TASK DETAILS: Each record must be printed again exactly as it appears.

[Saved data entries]

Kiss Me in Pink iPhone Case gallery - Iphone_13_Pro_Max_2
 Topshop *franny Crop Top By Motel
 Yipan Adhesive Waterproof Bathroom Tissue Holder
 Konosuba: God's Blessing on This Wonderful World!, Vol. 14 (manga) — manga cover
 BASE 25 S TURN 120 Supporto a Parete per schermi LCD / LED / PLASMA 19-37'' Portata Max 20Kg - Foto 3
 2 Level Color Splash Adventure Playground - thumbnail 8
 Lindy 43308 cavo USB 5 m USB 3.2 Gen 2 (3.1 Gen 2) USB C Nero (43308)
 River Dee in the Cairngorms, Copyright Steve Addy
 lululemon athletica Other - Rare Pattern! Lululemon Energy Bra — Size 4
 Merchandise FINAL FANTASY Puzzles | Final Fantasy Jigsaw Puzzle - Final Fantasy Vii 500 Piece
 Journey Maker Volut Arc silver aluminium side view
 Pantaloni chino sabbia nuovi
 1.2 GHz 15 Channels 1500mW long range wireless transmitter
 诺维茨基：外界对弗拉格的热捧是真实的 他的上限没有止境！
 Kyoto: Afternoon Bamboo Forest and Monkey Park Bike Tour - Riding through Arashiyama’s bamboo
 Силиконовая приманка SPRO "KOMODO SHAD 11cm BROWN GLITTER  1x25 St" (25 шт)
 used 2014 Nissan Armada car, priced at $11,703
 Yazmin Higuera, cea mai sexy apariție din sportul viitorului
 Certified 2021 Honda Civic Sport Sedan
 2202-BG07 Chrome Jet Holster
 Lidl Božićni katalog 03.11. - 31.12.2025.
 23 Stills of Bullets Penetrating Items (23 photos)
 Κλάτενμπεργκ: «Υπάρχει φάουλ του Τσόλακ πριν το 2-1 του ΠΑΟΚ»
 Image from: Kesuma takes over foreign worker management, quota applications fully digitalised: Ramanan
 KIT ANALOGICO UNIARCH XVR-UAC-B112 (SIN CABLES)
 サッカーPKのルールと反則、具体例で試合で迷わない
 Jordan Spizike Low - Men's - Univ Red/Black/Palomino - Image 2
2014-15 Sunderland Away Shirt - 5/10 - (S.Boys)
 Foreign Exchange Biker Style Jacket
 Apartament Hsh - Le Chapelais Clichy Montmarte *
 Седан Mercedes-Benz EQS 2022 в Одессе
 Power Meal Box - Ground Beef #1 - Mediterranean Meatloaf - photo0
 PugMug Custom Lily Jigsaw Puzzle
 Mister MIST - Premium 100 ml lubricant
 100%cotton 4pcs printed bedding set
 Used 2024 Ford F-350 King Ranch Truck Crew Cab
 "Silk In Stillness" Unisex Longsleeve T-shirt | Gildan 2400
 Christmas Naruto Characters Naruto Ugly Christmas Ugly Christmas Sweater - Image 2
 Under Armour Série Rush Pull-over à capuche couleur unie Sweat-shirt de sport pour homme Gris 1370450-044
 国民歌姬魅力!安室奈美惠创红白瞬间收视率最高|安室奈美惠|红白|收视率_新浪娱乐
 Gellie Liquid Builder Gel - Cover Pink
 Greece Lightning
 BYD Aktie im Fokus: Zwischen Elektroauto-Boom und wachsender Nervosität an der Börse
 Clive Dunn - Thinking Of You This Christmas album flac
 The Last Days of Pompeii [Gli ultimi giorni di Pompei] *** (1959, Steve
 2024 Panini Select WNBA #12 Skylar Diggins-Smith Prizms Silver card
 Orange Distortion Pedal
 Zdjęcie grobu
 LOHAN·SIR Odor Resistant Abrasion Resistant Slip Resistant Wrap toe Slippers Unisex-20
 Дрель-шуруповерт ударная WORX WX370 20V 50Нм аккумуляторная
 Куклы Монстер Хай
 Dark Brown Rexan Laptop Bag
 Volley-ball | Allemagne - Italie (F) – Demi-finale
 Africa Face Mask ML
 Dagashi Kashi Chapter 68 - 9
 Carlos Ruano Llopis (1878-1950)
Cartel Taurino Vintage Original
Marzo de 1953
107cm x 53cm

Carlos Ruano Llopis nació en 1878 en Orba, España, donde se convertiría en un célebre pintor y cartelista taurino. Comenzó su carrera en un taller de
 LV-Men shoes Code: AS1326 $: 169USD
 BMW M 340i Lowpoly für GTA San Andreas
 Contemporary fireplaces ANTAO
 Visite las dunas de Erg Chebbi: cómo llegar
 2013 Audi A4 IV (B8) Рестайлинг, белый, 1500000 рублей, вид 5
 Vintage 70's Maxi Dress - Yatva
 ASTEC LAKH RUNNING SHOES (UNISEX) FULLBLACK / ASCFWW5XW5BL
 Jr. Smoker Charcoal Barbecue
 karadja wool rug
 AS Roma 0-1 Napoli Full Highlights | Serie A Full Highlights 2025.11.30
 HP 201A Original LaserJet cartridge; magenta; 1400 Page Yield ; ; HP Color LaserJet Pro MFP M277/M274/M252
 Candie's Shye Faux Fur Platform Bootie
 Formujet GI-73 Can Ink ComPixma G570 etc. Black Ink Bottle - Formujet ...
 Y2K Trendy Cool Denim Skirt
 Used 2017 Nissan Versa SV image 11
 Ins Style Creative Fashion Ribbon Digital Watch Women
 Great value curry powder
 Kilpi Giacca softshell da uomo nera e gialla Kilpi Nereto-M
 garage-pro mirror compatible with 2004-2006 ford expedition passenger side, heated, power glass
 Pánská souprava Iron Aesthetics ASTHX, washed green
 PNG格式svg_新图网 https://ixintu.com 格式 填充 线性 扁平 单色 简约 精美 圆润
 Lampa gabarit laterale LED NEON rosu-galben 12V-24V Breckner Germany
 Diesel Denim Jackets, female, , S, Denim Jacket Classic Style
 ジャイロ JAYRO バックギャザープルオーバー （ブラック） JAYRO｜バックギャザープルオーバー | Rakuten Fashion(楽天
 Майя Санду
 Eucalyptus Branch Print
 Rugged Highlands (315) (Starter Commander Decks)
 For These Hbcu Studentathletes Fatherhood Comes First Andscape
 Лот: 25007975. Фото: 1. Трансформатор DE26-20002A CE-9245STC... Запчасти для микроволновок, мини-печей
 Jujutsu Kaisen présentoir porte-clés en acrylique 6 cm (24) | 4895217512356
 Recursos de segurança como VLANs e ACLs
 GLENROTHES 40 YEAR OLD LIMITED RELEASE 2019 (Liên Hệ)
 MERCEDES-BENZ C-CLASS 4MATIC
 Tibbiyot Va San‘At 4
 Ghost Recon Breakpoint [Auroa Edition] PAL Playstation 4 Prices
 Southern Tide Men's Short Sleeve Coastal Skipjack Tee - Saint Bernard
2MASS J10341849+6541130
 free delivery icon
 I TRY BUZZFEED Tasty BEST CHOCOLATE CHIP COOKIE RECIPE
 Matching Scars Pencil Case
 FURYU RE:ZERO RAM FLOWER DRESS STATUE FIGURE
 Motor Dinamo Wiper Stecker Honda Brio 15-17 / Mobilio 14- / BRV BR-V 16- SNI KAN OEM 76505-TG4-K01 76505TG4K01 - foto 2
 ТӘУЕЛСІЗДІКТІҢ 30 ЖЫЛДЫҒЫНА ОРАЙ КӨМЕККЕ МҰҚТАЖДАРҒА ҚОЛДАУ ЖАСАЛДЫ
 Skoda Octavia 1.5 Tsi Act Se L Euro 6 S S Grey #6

RESPONSE TO THE TASK:
Kiss Me in Pink iPhone Case gallery - Iphone_13_Pro_Max_2
 Topshop *franny Crop Top By Motel
 Yipan Adhesive Waterproof Bathroom Tissue Holder
 Konosuba: God's Blessing on This Wonderful World!, Vol. 14 (manga) — manga cover
 BASE 25 S TURN 120 Supporto a Parete per schermi LCD / LED / PLASMA 19-37'' Portata Max 20Kg - Foto 3
 2 Level Color Splash Adventure Playground - thumbnail 8
 Lindy 43308 cavo USB 5 m USB 3.2 Gen 2 (3.1 Gen 2) USB C Nero (43308)
 River Dee in the Cairngorms, Copyright Steve Addy
 lululemon athletica Other - Rare Pattern! Lululemon Energy Bra — Size 4
 Merchandise FINAL FANTASY Puzzles | Final Fantasy Jigsaw Puzzle - Final Fantasy Vii 500 Piece
 Journey Maker Volut Arc silver aluminium side view
 Pantaloni chino sabbia nuovi
 1.2 GHz 15 Channels 1500mW long range wireless transmitter
 诺维茨基：外界对弗拉格的热捧是真实的 他的上限没有止境！
 Kyoto: Afternoon Bamboo Forest and Monkey Park Bike Tour - Riding through Arashiyama’s bamboo
 Силиконовая приманка SPRO "KOMODO SHAD 11cm BROWN GLITTER  1x25 St" (25 шт)
 used 2014 Nissan Armada car, priced at $11,703
 Yazmin Higuera, cea mai sexy apariție din sportul viitorului
 Certified 2021 Honda Civic Sport Sedan
 2202-BG07 Chrome Jet Holster
 Lidl Božićni katalog 03.11. - 31.12.2025.
 23 Stills of Bullets Penetrating Items (23 photos)
 Κλάτενμπεργκ: «Υπάρχει φάουλ του Τσόλακ πριν το 2-1 του ΠΑΟΚ»
 Image from: Kesuma takes over foreign worker management, quota applications fully digitalised: Ramanan
 KIT ANALOGICO UNIARCH XVR-UAC-B112 (SIN CABLES)
 サッカーPKのルールと反則、具体例で試合で迷わない
 Jordan Spizike Low - Men's - Univ Red/Black/Palomino - Image 2
2014-15 Sunderland Away Shirt - 5/10 - (S.Boys)
 Foreign Exchange Biker Style Jacket
 Apartament Hsh - Le Chapelais Clichy Montmarte *
 Седан Mercedes-Benz EQS 2022 в Одессе
 Power Meal Box - Ground Beef #1 - Mediterranean Meatloaf - photo0
 PugMug Custom Lily Jigsaw Puzzle
 Mister MIST - Premium 100 ml lubricant
 100%cotton 4pcs printed bedding set
 Used 2024 Ford F-350 King Ranch Truck Crew Cab
 "Silk In Stillness" Unisex Longsleeve T-shirt | Gildan 2400
 Christmas Naruto Characters Naruto Ugly Christmas Ugly Christmas Sweater - Image 2
 Under Armour Série Rush Pull-over à capuche couleur unie Sweat-shirt de sport pour homme Gris 1370450-044
 国民歌姬魅力!安室奈美惠创红白瞬间收视率最高|安室奈美惠|红白|收视率_新浪娱乐
 Gellie Liquid Builder Gel - Cover Pink
 Greece Lightning
 BYD Aktie im Fokus: Zwischen Elektroauto-Boom und wachsender Nervosität an der Börse
 Clive Dunn - Thinking Of You This Christmas album flac
 The Last Days of Pompeii [Gli ultimi giorni di Pompei] *** (1959, Steve
 2024 Panini Select WNBA #12 Skylar Diggins-Smith Prizms Silver card
 Orange Distortion Pedal
 Zdjęcie grobu
 LOHAN·SIR Odor Resistant Abrasion Resistant Slip Resistant Wrap toe Slippers Unisex-20
 Дрель-шуруповерт ударная WORX WX370 20V 50Нм аккумуляторная
 Куклы Монстер Хай
 Dark Brown Rexan Laptop Bag
 Volley-ball | Allemagne - Italie (F) – Demi-finale
 Africa Face Mask ML
 Dagashi Kashi Chapter 68 - 9
 Carlos Ruano Llopis (1878-1950)
Cartel Taurino Vintage Original
Marzo de 1953
107cm x 53cm

Carlos Ruano Llopis nació en 1878 en Orba, España, donde se convertiría en un célebre pintor y cartelista taurino. Comenzó su carrera en un taller de
 LV-Men shoes Code: AS1326 $: 169USD
 BMW M 340i Lowpoly für GTA San Andreas
 Contemporary fireplaces ANTAO
 Visite las dunas de Erg Chebbi: cómo llegar
 2013 Audi A4 IV (B8) Рестайлинг, белый, 1500000 рублей, вид 5
 Vintage 70's Maxi Dress - Yatva
 ASTEC LAKH RUNNING SHOES (UNISEX) FULLBLACK / ASCFWW5XW5BL
 Jr. Smoker Charcoal Barbecue
 karadja wool rug
 AS Roma 0-1 Napoli Full Highlights | Serie A Full Highlights 2025.11.30
 HP 201A Original LaserJet cartridge; magenta; 1400 Page Yield ; ; HP Color LaserJet Pro MFP M277/M274/M252
 Candie's Shye Faux Fur Platform Bootie
 Formujet GI-73 Can Ink ComPixma G570 etc. Black Ink Bottle - Formujet ...
 Y2K Trendy Cool Denim Skirt
 Used 2017 Nissan Versa SV image 11
 Ins Style Creative Fashion Ribbon Digital Watch Women
 Great value curry powder
 Kilpi Giacca softshell da uomo nera e gialla Kilpi Nereto-M
 garage-pro mirror compatible with 2004-2006 ford expedition passenger side, heated, power glass
 Pánská souprava Iron Aesthetics ASTHX, washed green
 PNG格式svg_新图网 https://ixintu.com 格式 填充 线性 扁平 单色 简约 精美 圆润
 Lampa gabarit laterale LED NEON rosu-galben 12V-24V Breckner Germany
 Diesel Denim Jackets, female, , S, Denim Jacket Classic Style
 ジャイロ JAYRO バックギャザープルオーバー （ブラック） JAYRO｜バックギャザープルオーバー | Rakuten Fashion(楽天
 Майя Санду
 Eucalyptus Branch Print
 Rugged Highlands (315) (Starter Commander Decks)
 For These Hbcu Studentathletes Fatherhood Comes First Andscape
 Лот: 25007975. Фото: 1. Трансформатор DE26-20002A CE-9245STC... Запчасти для микроволновок, мини-печей
 Jujutsu Kaisen présentoir porte-clés en acrylique 6 cm (24) | 4895217512356
 Recursos de segurança como VLANs e ACLs
 GLENROTHES 40 YEAR OLD LIMITED RELEASE 2019 (Liên Hệ)
 MERCEDES-BENZ C-CLASS 4MATIC
 Tibbiyot Va San‘At 4
 Ghost Recon Breakpoint [Auroa Edition] PAL Playstation 4 Prices
 Southern Tide Men's Short Sleeve Coastal Skipjack Tee - Saint Bernard
2MASS J10341849+6541130
 free delivery icon
 I TRY BUZZFEED Tasty BEST CHOCOLATE CHIP COOKIE RECIPE
 Matching Scars Pencil Case
 FURYU RE:ZERO RAM FLOWER DRESS STATUE FIGURE
 Motor Dinamo Wiper Stecker Honda Brio 15-17 / Mobilio 14- / BRV BR-V 16- SNI KAN OEM 76505-TG4-K01 76505TG4K01 - foto 2
 ТӘУЕЛСІЗДІКТІҢ 30 ЖЫЛДЫҒЫНА ОРАЙ КӨМЕККЕ МҰҚТАЖДАРҒА ҚОЛДАУ ЖАСАЛДЫ
 Skoda Octavia 1.5 Tsi Act Se L Euro 6 S S Grey #6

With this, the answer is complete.